ASSIGNMENT => Set down every record below exactly as it appears, but without the pictures.

INPUT MATERIAL =>
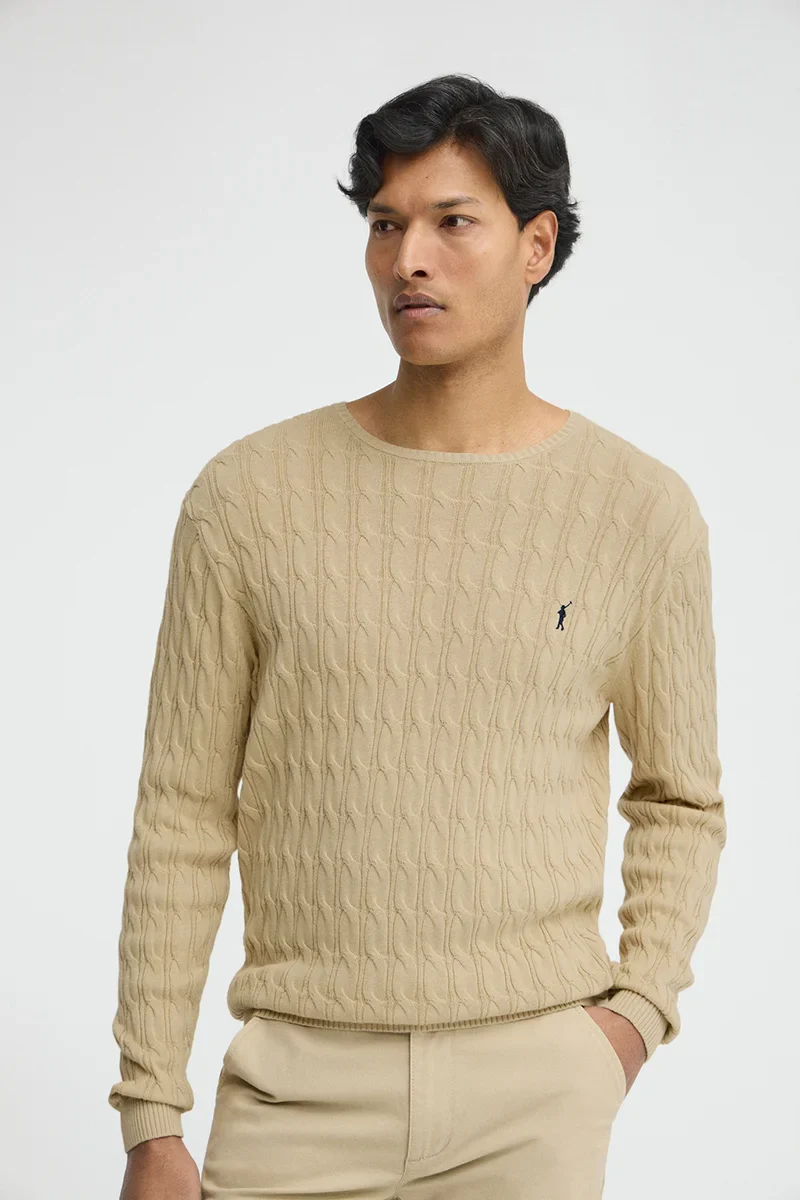 Jersey beige de punto trenzado y logo Rigby Go - Image 2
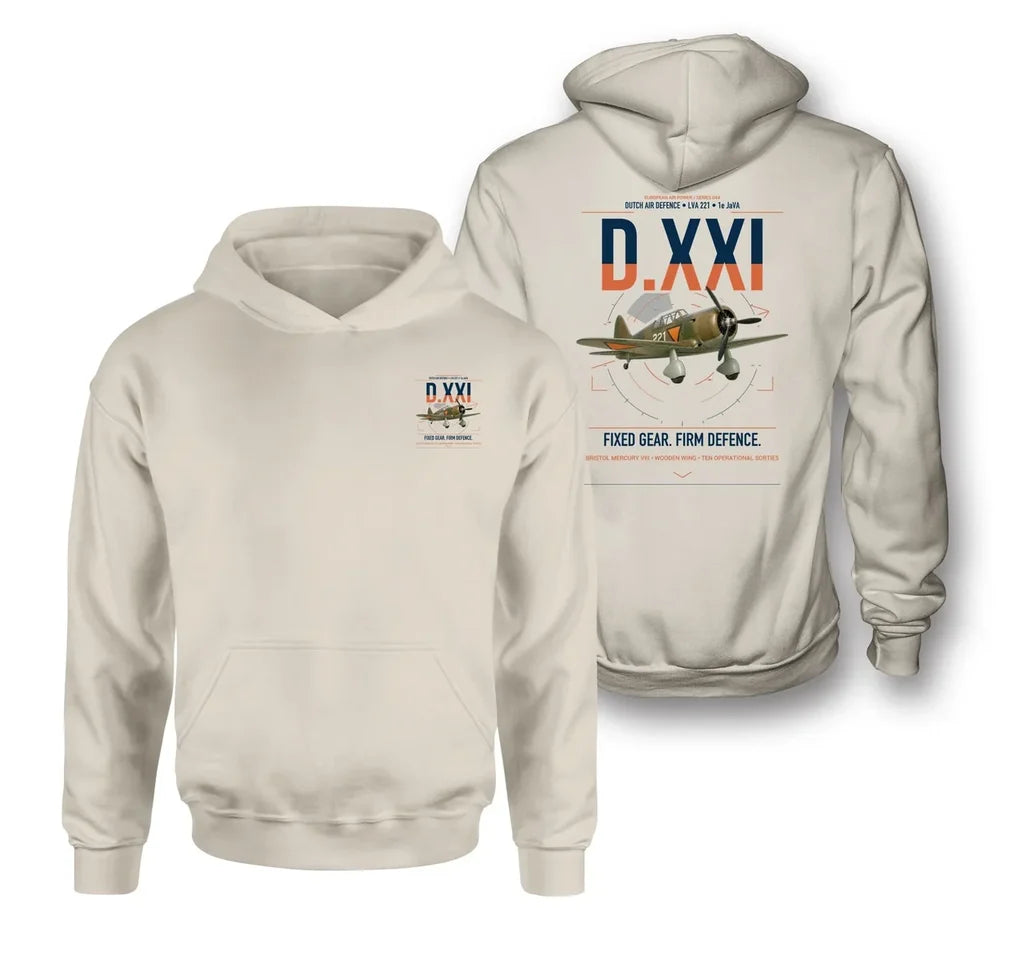 Fokker D.XXI — Dutch LVA aircraft 221 design on khaki double-side hoodie, double-side print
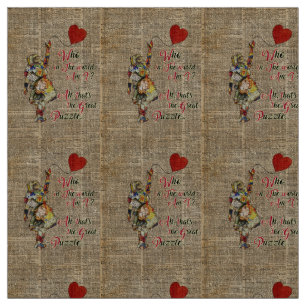 Alice, Mad Hatter & Rabbit Collage Quote Stof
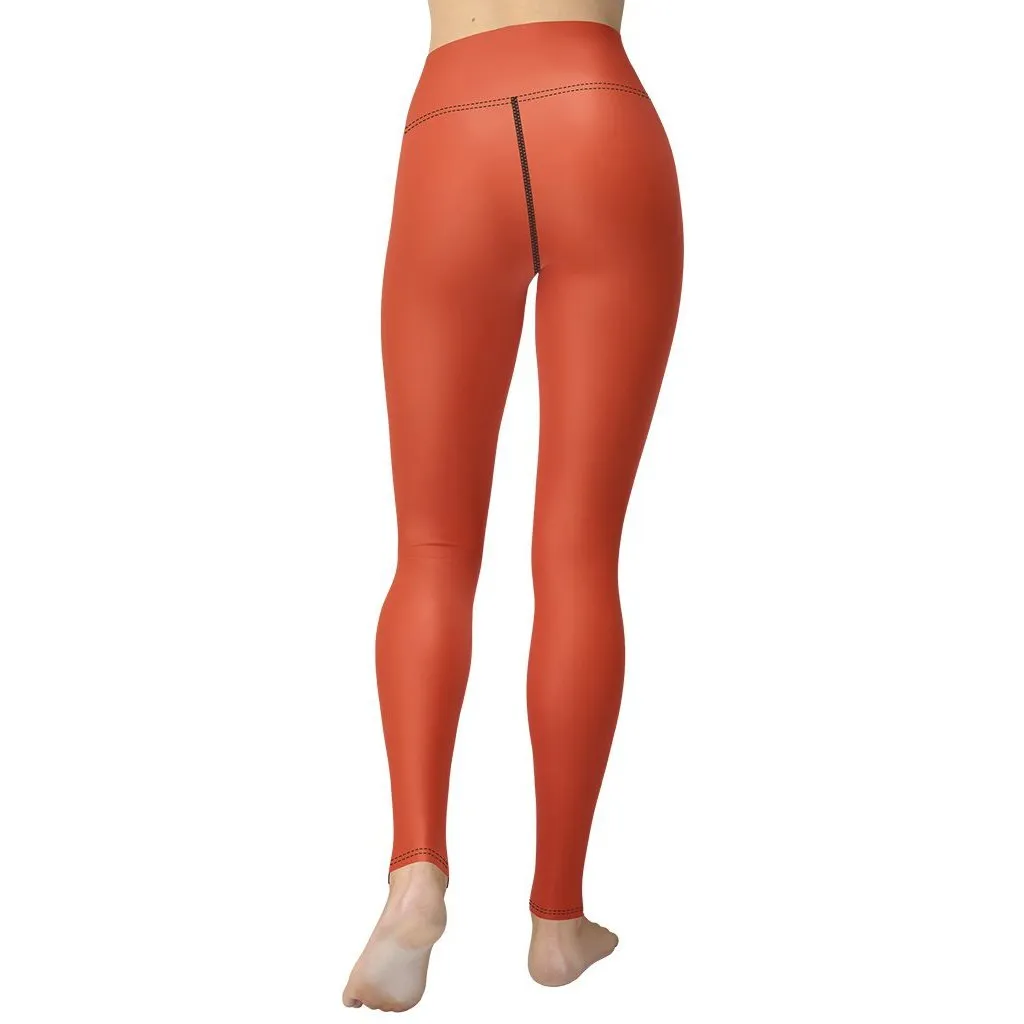 Peachy Red Yoga Leggings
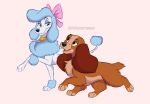 2026 accessory bird_dog black_eyebrows black_nose blue_body blue_eyelids blue_eyes blue_fur bow_ribbon brown_body brown_fur canid canine canis colored digital_drawing_(artwork) digital_media_(artwork) disney domestic_dog duo eye_contact eyebrows eyelashes felixcartoons female female_feral feral floppy_ears fur georgette_(disney) hair_accessory hair_bow hair_ribbon hi_res hunting_dog jewelry lady_(lady_and_the_tramp) lady_and_the_tramp looking_at_another mammal multicolored_body multicolored_fur necklace oliver_and_company pink_bow poodle raised_eyebrows ribbons shaded short_tail simple_background size_difference smile smiling_at_another smiling_at_each_other snout spaniel tail tan_body tan_fur toony walking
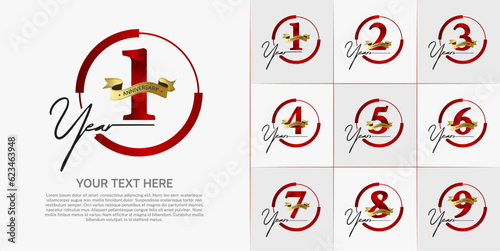 set of anniversary logo with red number in circle and golden ribbon can be use for celebration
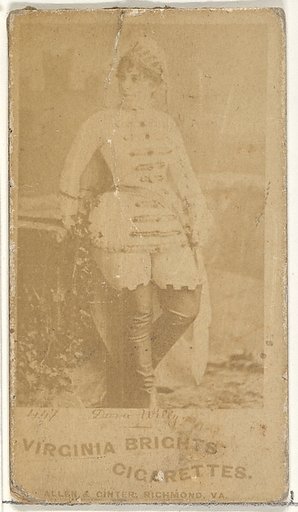 Card 447, Dana Willy, from the Actors and Actresses series (N45, Type 1) for Virginia Brights Cigarettes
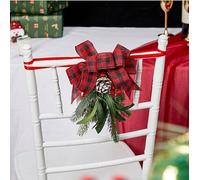 Christmas Forest Chair Back Flowers Red Bow Aisle Decoration Flowers Holiday Banquet Berry Needle Chair Tied Flowers for Xmas Tree Holiday Party Festive Season Birthday Gift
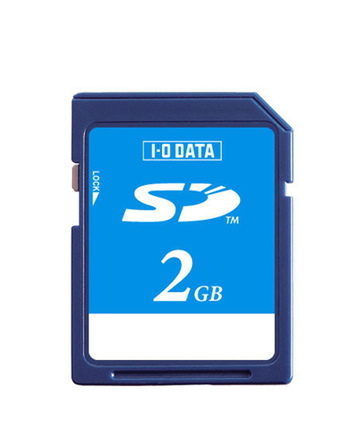 これが本来の「SDメモリーカード」。2GB以下の製品は徐々に姿を消しつつあり、写真のアイ・オー・データ機器「SD-V2G」も在庫限りとなっている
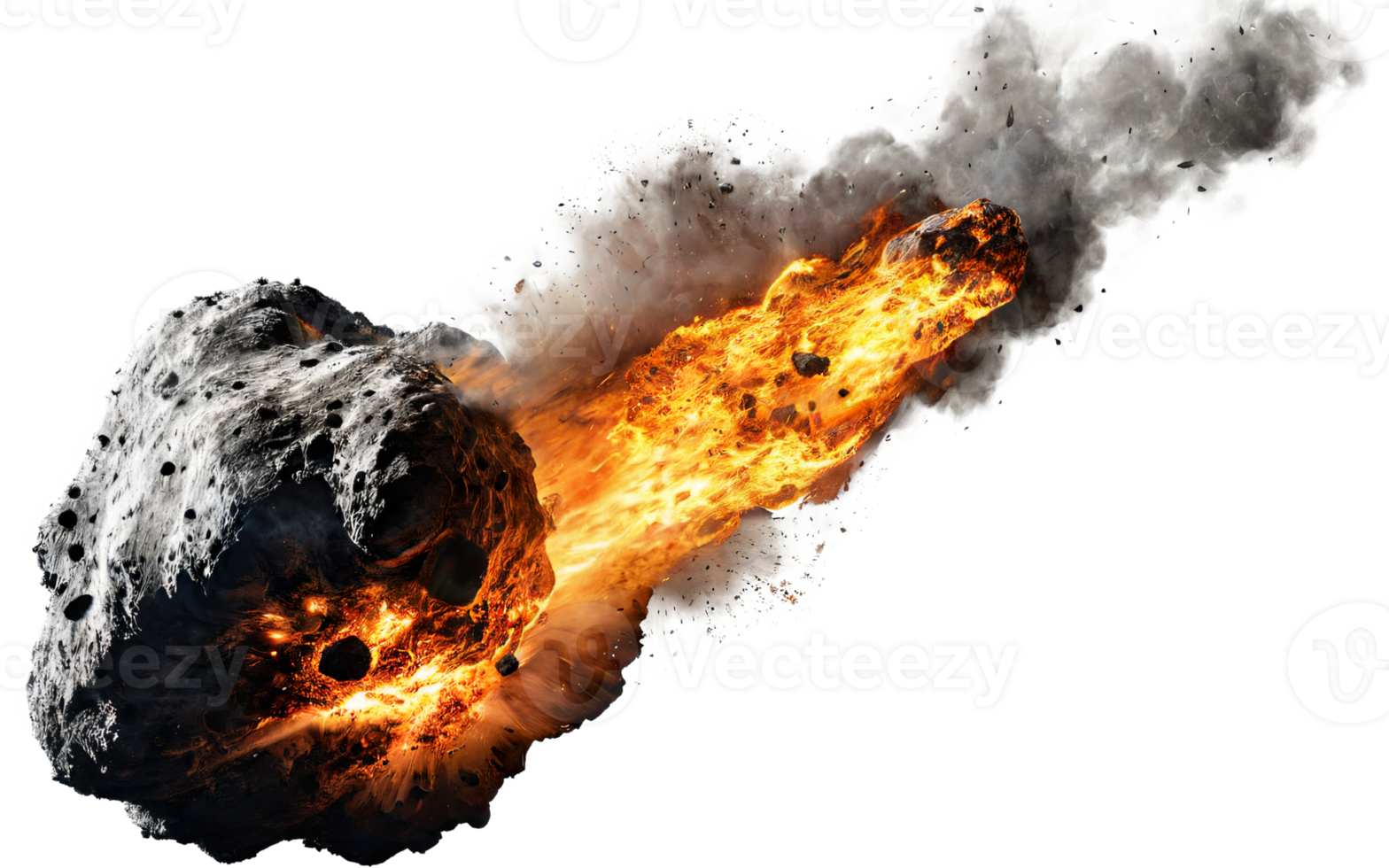 burning meteorites, asteroids on isolated background png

ANSWER BELOW =>
 Jersey beige de punto trenzado y logo Rigby Go - Image 2
 Fokker D.XXI — Dutch LVA aircraft 221 design on khaki double-side hoodie, double-side print
 Alice, Mad Hatter & Rabbit Collage Quote Stof
 Peachy Red Yoga Leggings
 2026 accessory bird_dog black_eyebrows black_nose blue_body blue_eyelids blue_eyes blue_fur bow_ribbon brown_body brown_fur canid canine canis colored digital_drawing_(artwork) digital_media_(artwork) disney domestic_dog duo eye_contact eyebrows eyelashes felixcartoons female female_feral feral floppy_ears fur georgette_(disney) hair_accessory hair_bow hair_ribbon hi_res hunting_dog jewelry lady_(lady_and_the_tramp) lady_and_the_tramp looking_at_another mammal multicolored_body multicolored_fur necklace oliver_and_company pink_bow poodle raised_eyebrows ribbons shaded short_tail simple_background size_difference smile smiling_at_another smiling_at_each_other snout spaniel tail tan_body tan_fur toony walking
 set of anniversary logo with red number in circle and golden ribbon can be use for celebration
 Card 447, Dana Willy, from the Actors and Actresses series (N45, Type 1) for Virginia Brights Cigarettes
 Christmas Forest Chair Back Flowers Red Bow Aisle Decoration Flowers Holiday Banquet Berry Needle Chair Tied Flowers for Xmas Tree Holiday Party Festive Season Birthday Gift
 これが本来の「SDメモリーカード」。2GB以下の製品は徐々に姿を消しつつあり、写真のアイ・オー・データ機器「SD-V2G」も在庫限りとなっている
 burning meteorites, asteroids on isolated background png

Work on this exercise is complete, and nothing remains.